**WORK TO COMPLETE:** Leave out every picture, and output exactly the lines from the line containing "Why working closely" through the last line of the data.

**** DATA FOR ANALYSIS

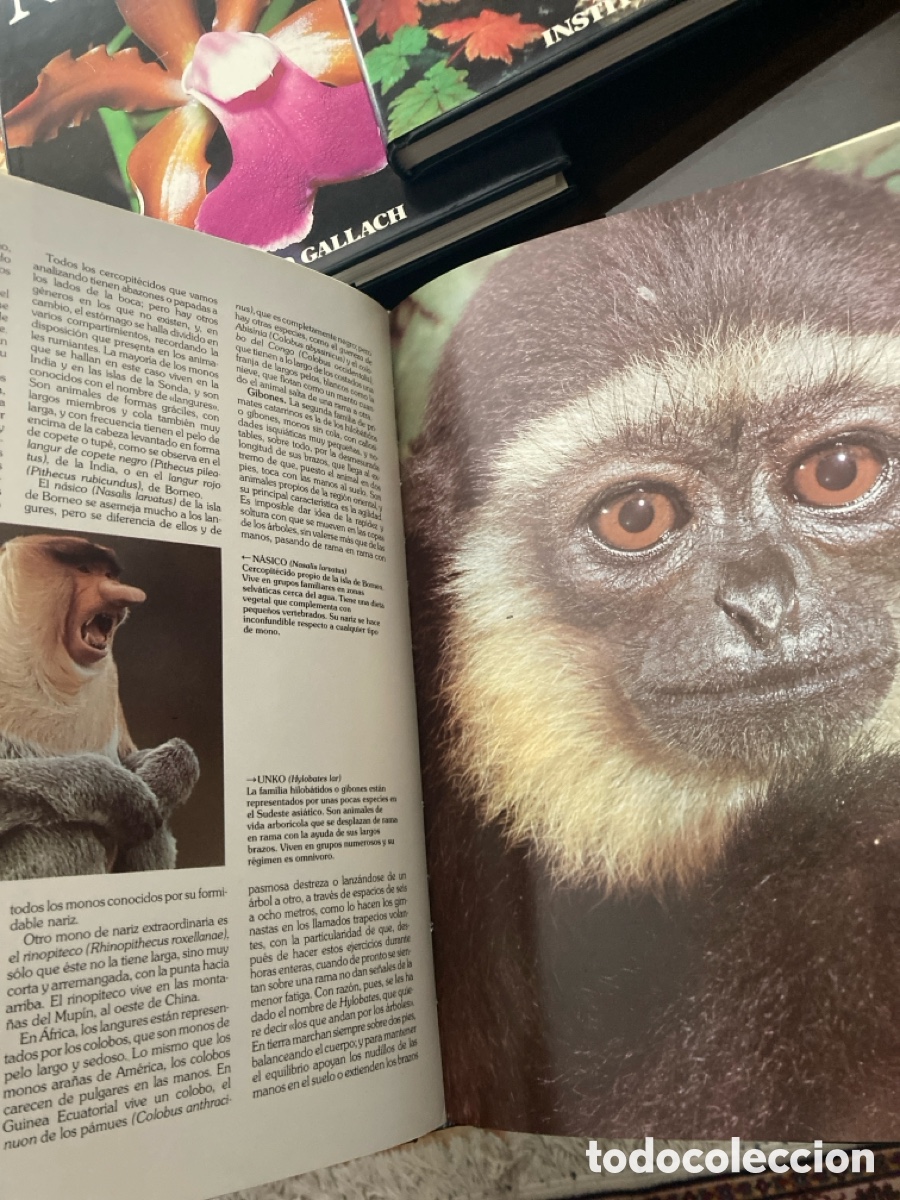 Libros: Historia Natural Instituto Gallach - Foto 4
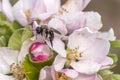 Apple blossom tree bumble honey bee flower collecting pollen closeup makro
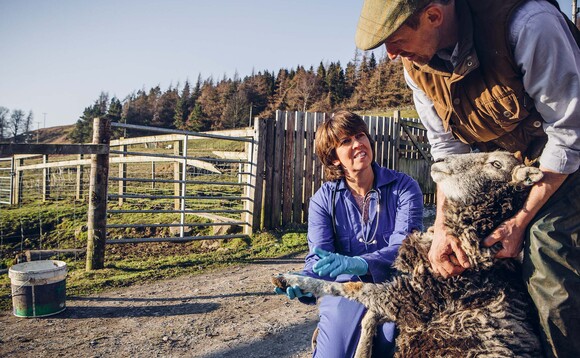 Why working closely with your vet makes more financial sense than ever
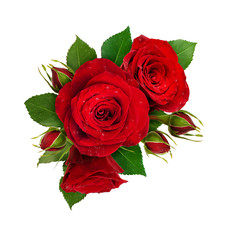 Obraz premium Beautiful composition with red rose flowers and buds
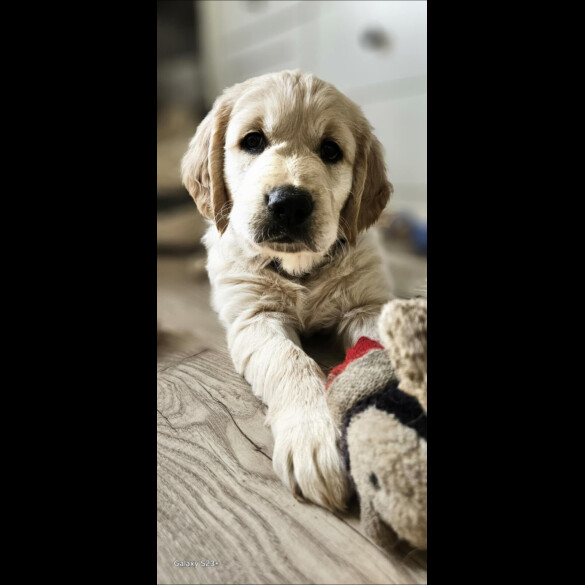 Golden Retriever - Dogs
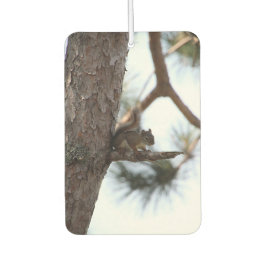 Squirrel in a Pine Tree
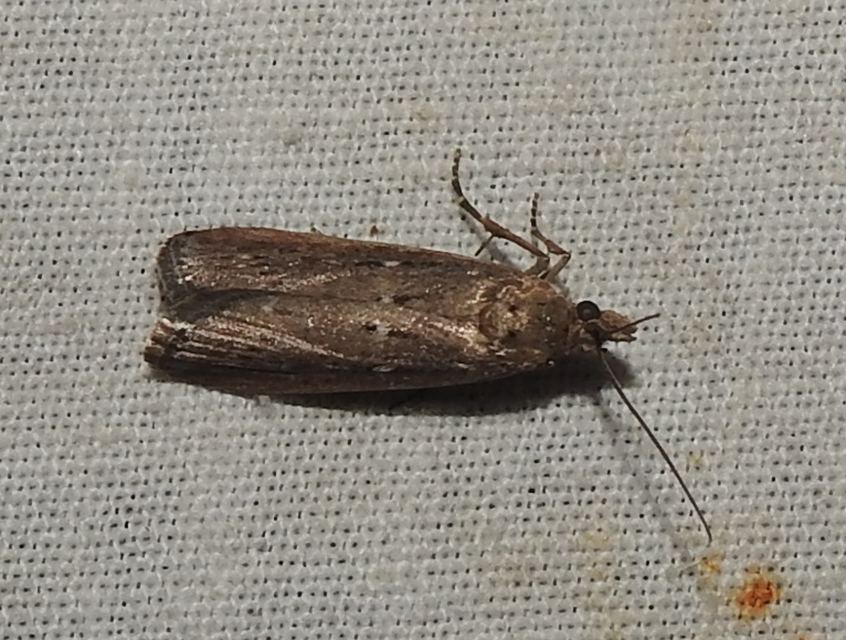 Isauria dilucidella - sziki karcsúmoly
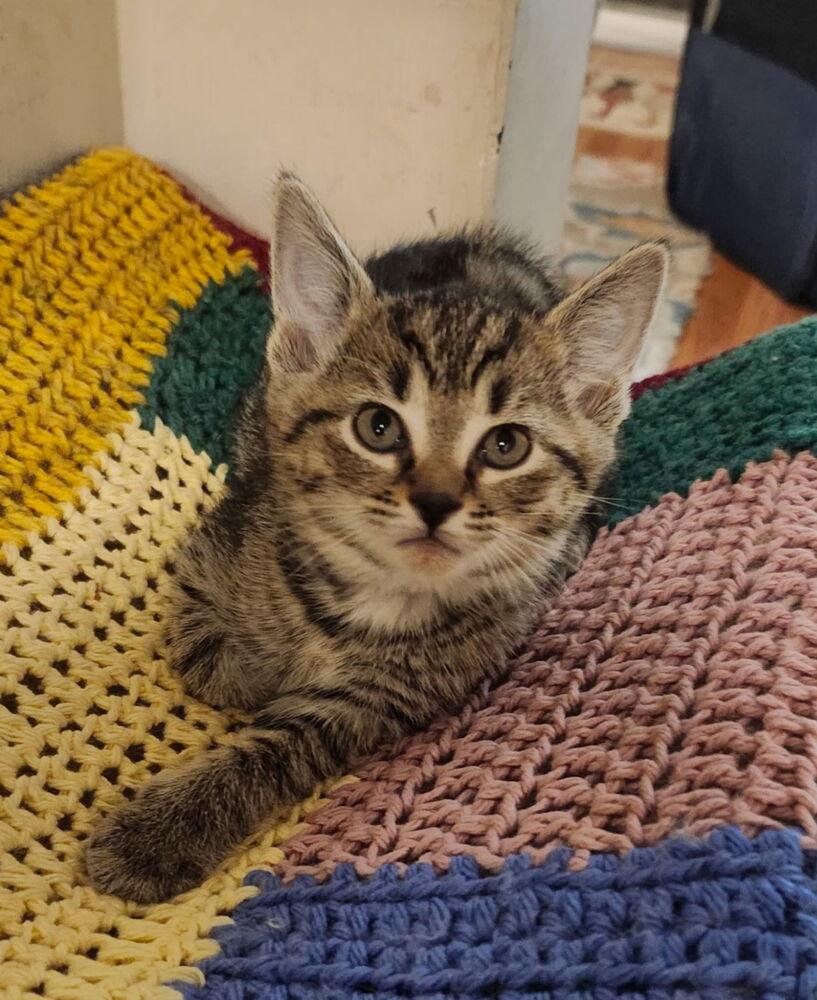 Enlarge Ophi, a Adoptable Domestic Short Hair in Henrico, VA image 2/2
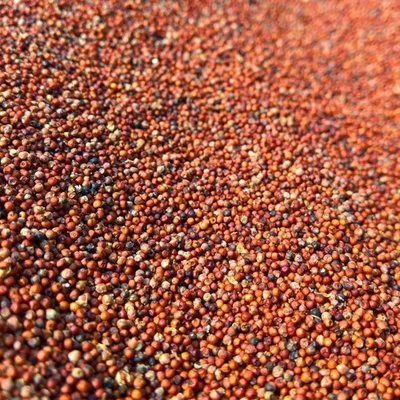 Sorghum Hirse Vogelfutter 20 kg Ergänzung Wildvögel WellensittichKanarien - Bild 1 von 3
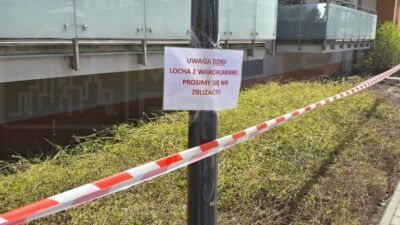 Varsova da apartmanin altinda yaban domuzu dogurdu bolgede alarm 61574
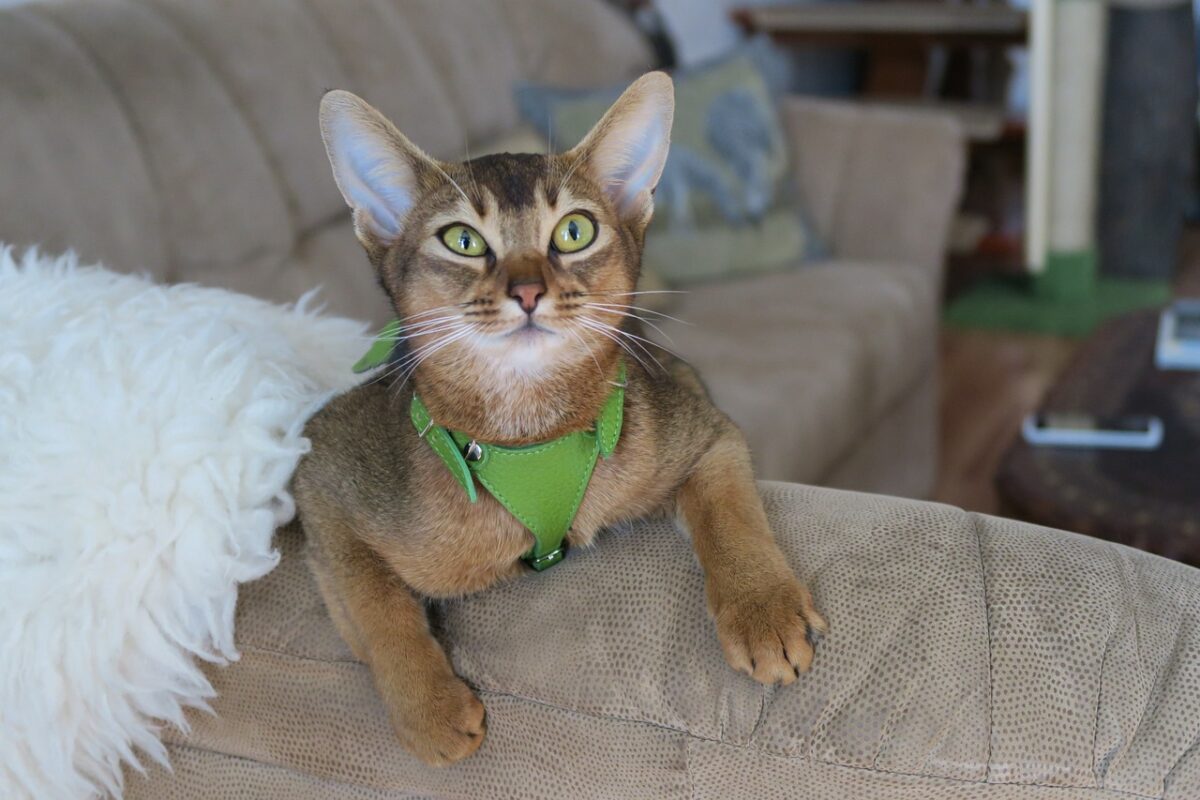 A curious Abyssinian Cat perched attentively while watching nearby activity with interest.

********

**EXPECTED ANSWER:**
 Why working closely with your vet makes more financial sense than ever
 Obraz premium Beautiful composition with red rose flowers and buds
 Golden Retriever - Dogs
 Squirrel in a Pine Tree
 Isauria dilucidella - sziki karcsúmoly
 Enlarge Ophi, a Adoptable Domestic Short Hair in Henrico, VA image 2/2
 Sorghum Hirse Vogelfutter 20 kg Ergänzung Wildvögel WellensittichKanarien - Bild 1 von 3
 Varsova da apartmanin altinda yaban domuzu dogurdu bolgede alarm 61574
 A curious Abyssinian Cat perched attentively while watching nearby activity with interest.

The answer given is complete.